Ritornare a Venezia

Death in Venice 1971, directed by Luchino Visconti | Film review

Il dvd del film era dietro un libro di Truffaut. Non che avessi dimenticato di averlo, ma quando certe cose riafforiano così all’improvviso, allora occorre capire il perchè, il dove, e tanto altro. Il mio amico (e visionario) Gianni è un grande estimatore del film e da poco mi aveva detto di averlo rivisto.

Conseguenza logica è stata l’immpellente necessità di rivederlo. Al termine della visione, gli ho inviato un “nuovo” commento sul film che condivido qui con qui avesse voglia, come me, di ritornare a Venezia.
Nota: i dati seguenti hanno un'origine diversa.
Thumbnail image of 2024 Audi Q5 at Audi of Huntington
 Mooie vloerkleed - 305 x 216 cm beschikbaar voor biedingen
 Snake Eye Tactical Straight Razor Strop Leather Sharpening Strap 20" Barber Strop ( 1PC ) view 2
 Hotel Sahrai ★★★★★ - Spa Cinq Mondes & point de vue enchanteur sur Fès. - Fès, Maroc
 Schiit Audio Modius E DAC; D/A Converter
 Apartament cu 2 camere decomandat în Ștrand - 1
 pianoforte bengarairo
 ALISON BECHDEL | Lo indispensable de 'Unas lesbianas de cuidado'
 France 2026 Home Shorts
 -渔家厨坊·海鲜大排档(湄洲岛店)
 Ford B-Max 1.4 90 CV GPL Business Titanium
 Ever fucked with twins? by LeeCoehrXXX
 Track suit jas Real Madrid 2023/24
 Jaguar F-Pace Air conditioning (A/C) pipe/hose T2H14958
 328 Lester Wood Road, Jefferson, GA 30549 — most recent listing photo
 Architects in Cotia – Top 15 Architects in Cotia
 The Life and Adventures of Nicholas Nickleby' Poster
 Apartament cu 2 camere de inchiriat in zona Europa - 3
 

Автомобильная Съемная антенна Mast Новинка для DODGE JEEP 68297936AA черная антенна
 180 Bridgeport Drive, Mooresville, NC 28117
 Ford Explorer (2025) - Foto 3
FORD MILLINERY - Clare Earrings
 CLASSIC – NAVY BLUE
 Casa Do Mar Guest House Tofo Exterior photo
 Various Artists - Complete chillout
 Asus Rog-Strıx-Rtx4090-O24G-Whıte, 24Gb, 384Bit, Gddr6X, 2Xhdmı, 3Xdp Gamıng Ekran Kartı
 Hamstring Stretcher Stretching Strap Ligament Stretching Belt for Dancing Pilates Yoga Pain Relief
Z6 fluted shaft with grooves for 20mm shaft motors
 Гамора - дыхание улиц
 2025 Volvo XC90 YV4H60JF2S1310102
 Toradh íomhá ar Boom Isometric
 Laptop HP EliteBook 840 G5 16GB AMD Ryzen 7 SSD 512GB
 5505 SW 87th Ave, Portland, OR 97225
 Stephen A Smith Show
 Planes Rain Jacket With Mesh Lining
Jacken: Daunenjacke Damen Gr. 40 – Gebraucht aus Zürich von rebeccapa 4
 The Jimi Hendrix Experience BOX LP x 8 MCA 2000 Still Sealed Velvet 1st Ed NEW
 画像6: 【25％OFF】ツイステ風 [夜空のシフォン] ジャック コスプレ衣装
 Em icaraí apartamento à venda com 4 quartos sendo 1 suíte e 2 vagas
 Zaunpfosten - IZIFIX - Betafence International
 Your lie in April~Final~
Ho rivisto “Morte a Venezia” dopo tanto tempo. Mi sono distaccato dalla sceneggiatura e quindi dal romanzo e mi sono dedicato a carpire la regia di Visconti.
La sequenza iniziale del film viene “cullata” dall’Adagietto di Mahler e senza perdere tempo “veste” la visione e le da un imprinting indelebile. E non solo la musica.
Subito molte anticipazioni (le famose esche cinematografiche) …. i ragazzi che scompigliano l’atmosfera all’arrivo del traghetto, l’uomo grossolanamente truccato che va incontro al protagonista…maschera di perversa allusione e soprattutto maschera di fatale decadenza, e quindi, morte.
Dopo pochi minuti tutto implode e ormai non importa più se chi vede il film abbia o meno letto il romanzo o ne sappia la narrazione,
E’ Visconti ora che si sottrae al tutto ricreando il tutto. Il “sudore” delle immagini diventa dialogo e la struttura visiva si appoggia alla recitazione di Bogarde e alla “sospesa” bellezza di Tazdio.
Visconti copre ogni cosa in un’atmosfera decadente non per il tema trattato ma nell’impercettibile tono dei colori, i gesti sottratti nelle formalità dell’epoca, il “finto” ritmo del montaggio dove la lotta tra frenesia vitale e attesa della morte sono appese ad un filo sottile fatto di stati d’animo visivi.
Alla fine della visione, il film, e quindi la storia, “sembra” non aver raccontato nulla e, per assurdo, è proprio così non nel negare quello che si vede ma nel trovare quello che non si vede. La regia sembra scomparire proprio nel momento in cui si sublima.
In fondo è quello che accade alla morte, che sa di essere inutile senza la vita.